A faithful transcription is wanted of the lines from the top of the material through the line that holds "In this video I'm", both ends included, leaving out the pictures.

SOURCE DATA: Begin

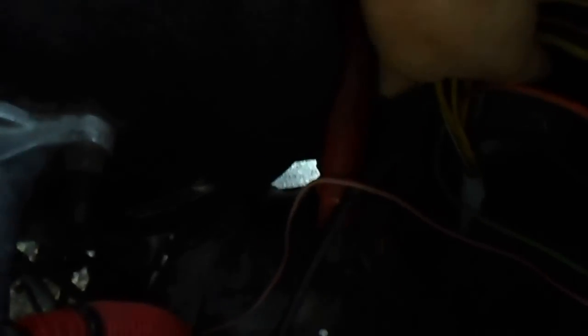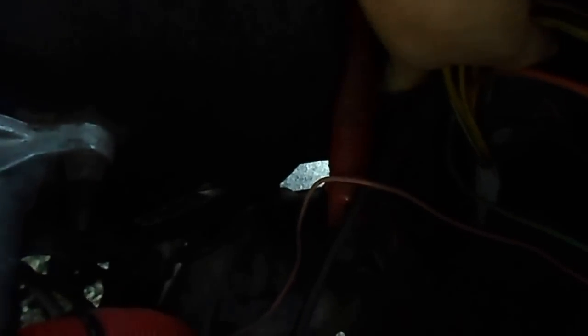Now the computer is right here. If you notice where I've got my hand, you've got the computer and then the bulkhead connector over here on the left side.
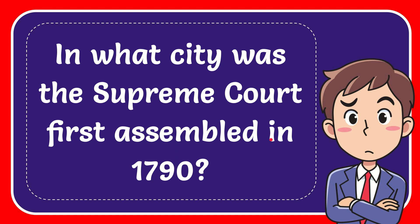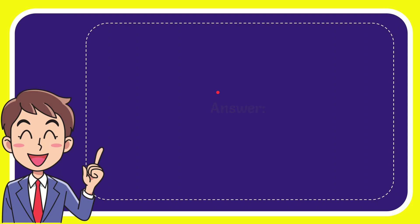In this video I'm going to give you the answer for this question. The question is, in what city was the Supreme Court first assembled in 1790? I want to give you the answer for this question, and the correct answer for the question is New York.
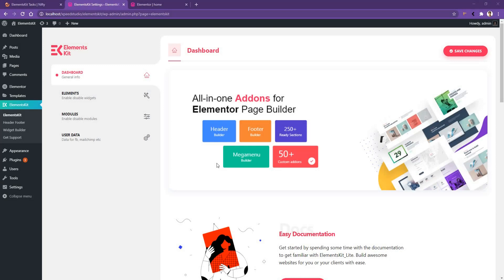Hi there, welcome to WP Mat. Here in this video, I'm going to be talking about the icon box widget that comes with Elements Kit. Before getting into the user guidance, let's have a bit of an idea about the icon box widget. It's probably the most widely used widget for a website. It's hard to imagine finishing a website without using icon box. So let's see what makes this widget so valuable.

SOURCE DATA: End

SOLUTION BELOW:
Now the computer is right here. If you notice where I've got my hand, you've got the computer and then the bulkhead connector over here on the left side.
In this video I'm going to give you the answer for this question. The question is, in what city was the Supreme Court first assembled in 1790? I want to give you the answer for this question, and the correct answer for the question is New York.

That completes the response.